§ **Data section**:
+ + +
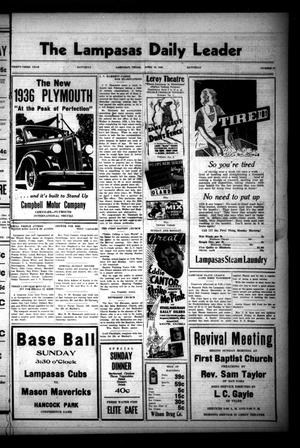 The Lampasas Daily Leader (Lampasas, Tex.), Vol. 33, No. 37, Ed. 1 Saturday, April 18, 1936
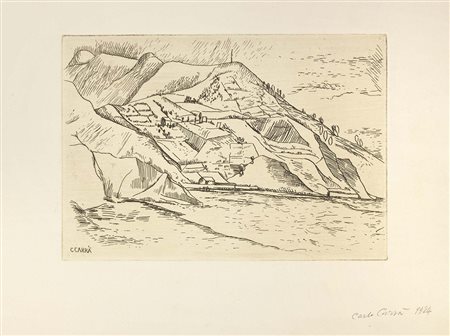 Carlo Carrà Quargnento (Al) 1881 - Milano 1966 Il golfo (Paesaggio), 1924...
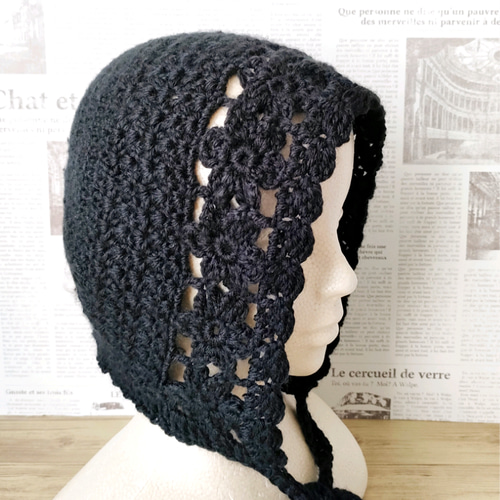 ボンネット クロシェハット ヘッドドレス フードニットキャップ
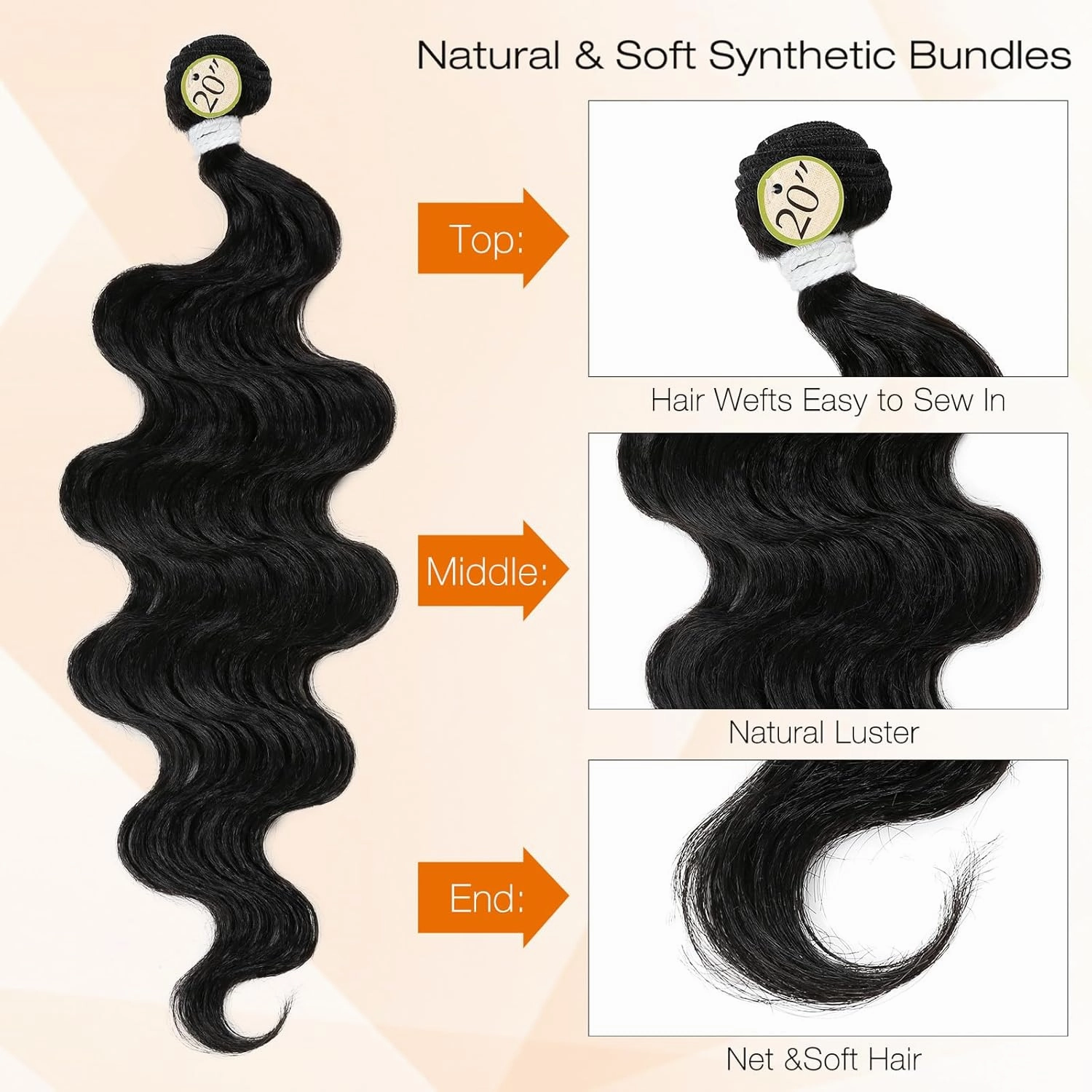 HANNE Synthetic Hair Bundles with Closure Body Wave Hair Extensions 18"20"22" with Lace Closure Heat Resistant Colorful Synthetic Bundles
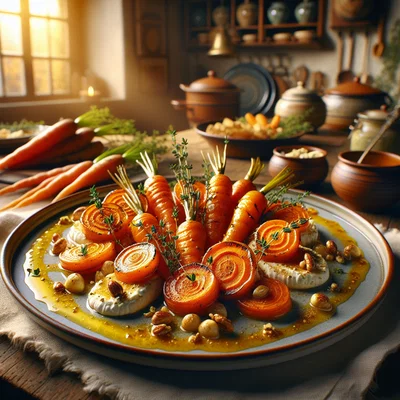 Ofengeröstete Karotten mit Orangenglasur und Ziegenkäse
+ + +
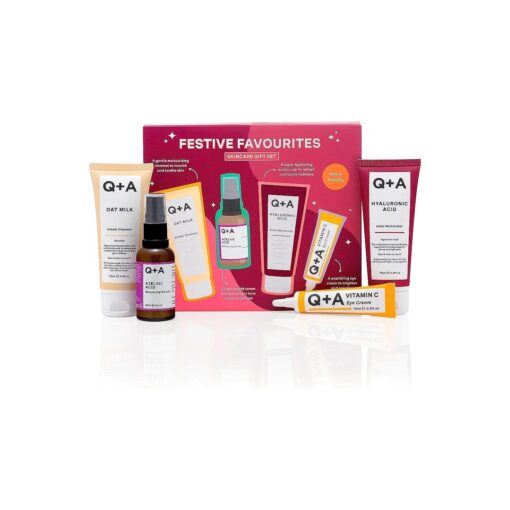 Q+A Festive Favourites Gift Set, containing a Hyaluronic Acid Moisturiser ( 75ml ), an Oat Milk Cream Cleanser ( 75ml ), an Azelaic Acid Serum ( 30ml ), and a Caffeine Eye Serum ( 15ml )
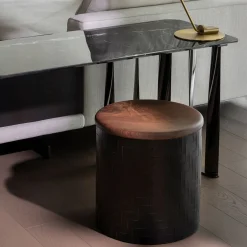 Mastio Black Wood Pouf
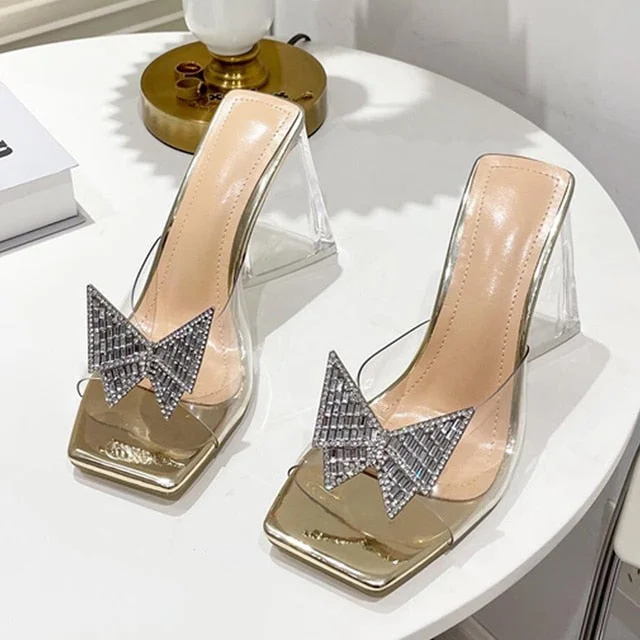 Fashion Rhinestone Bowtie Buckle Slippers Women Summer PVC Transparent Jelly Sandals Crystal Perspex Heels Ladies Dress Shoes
+ + +
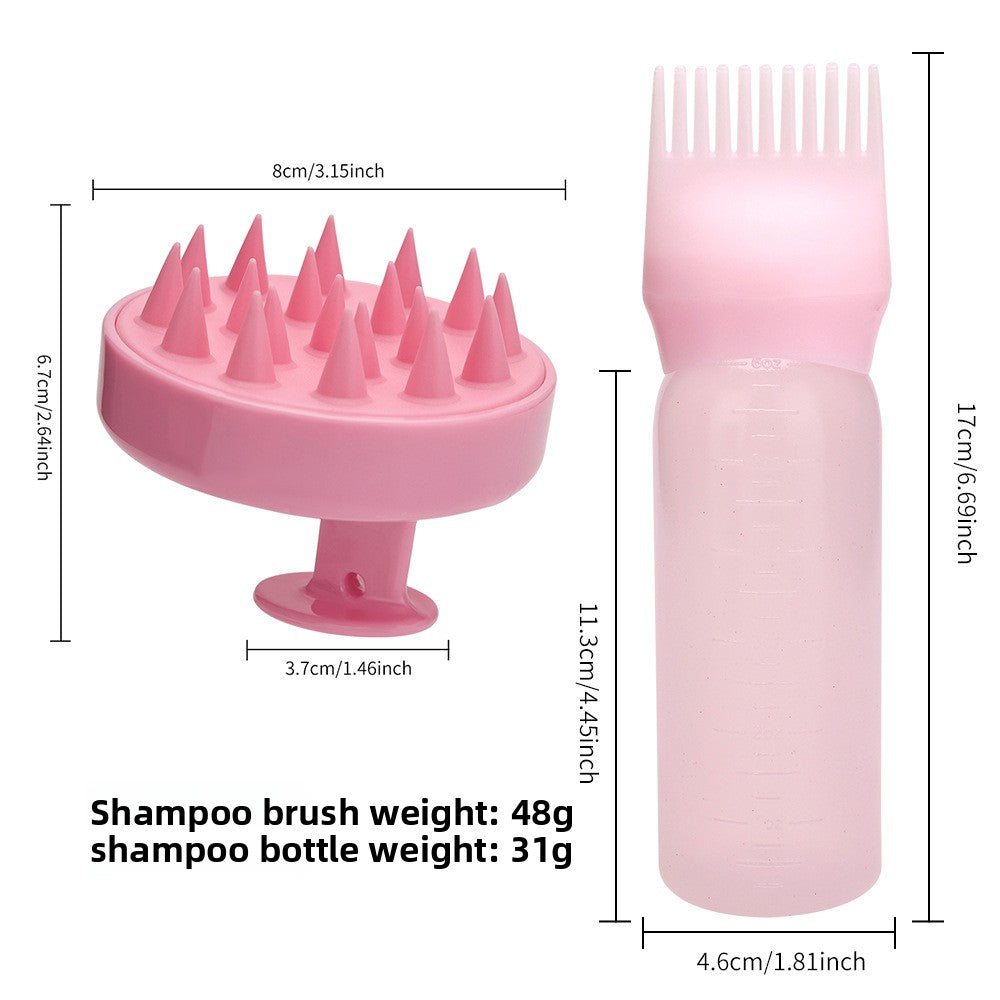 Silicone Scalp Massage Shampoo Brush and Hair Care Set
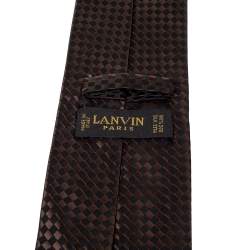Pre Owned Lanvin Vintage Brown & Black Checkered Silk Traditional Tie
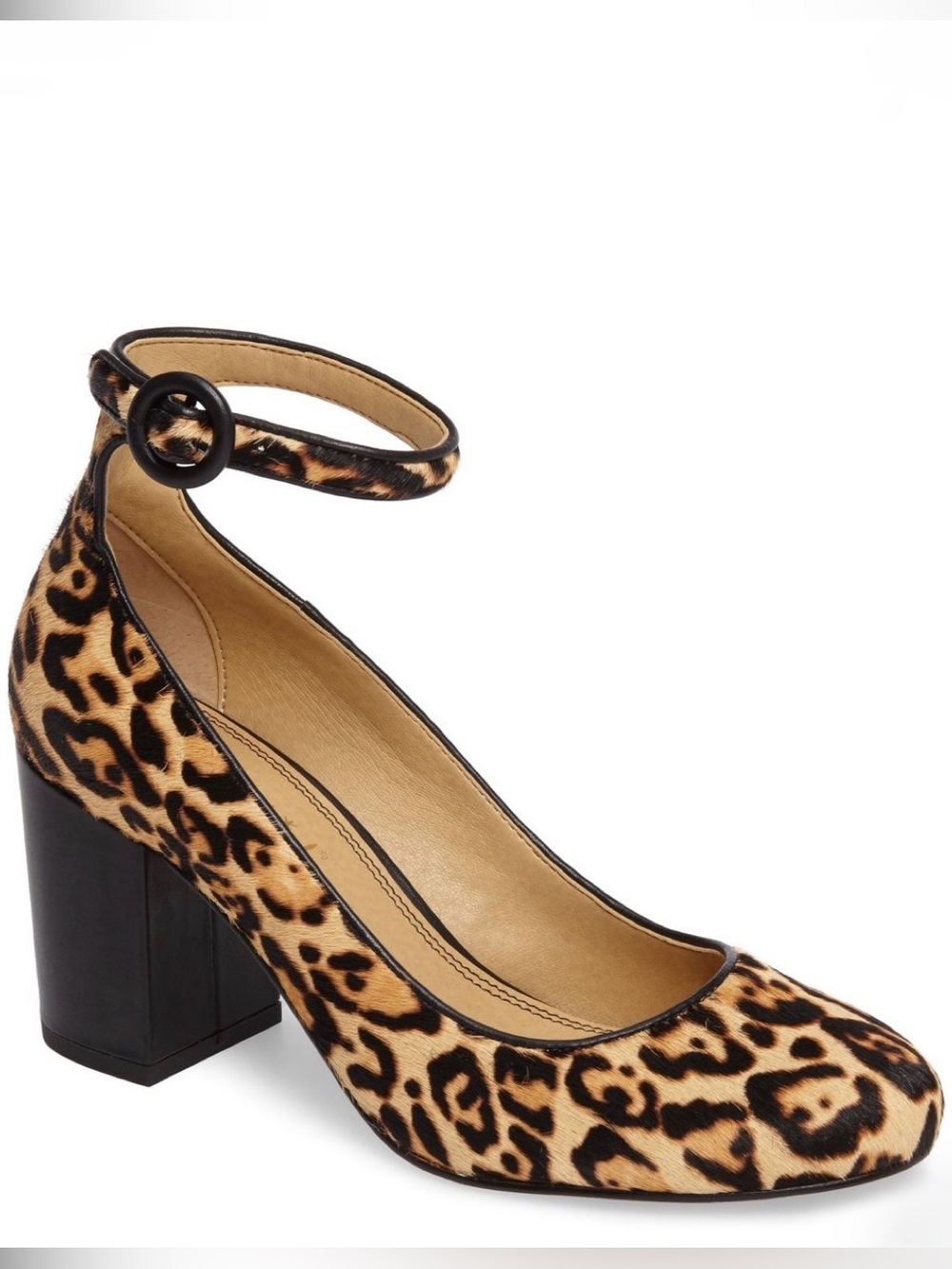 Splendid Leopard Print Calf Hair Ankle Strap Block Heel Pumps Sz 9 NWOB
+ + +
§ **What to produce**:
Without the pictures, set down the lines above from the line with "Q+A Festive Favourites" up to and including the line with "Fashion Rhinestone Bowtie" exactly as they stand.

§ **Written answer**:
 Q+A Festive Favourites Gift Set, containing a Hyaluronic Acid Moisturiser ( 75ml ), an Oat Milk Cream Cleanser ( 75ml ), an Azelaic Acid Serum ( 30ml ), and a Caffeine Eye Serum ( 15ml )
 Mastio Black Wood Pouf
 Fashion Rhinestone Bowtie Buckle Slippers Women Summer PVC Transparent Jelly Sandals Crystal Perspex Heels Ladies Dress Shoes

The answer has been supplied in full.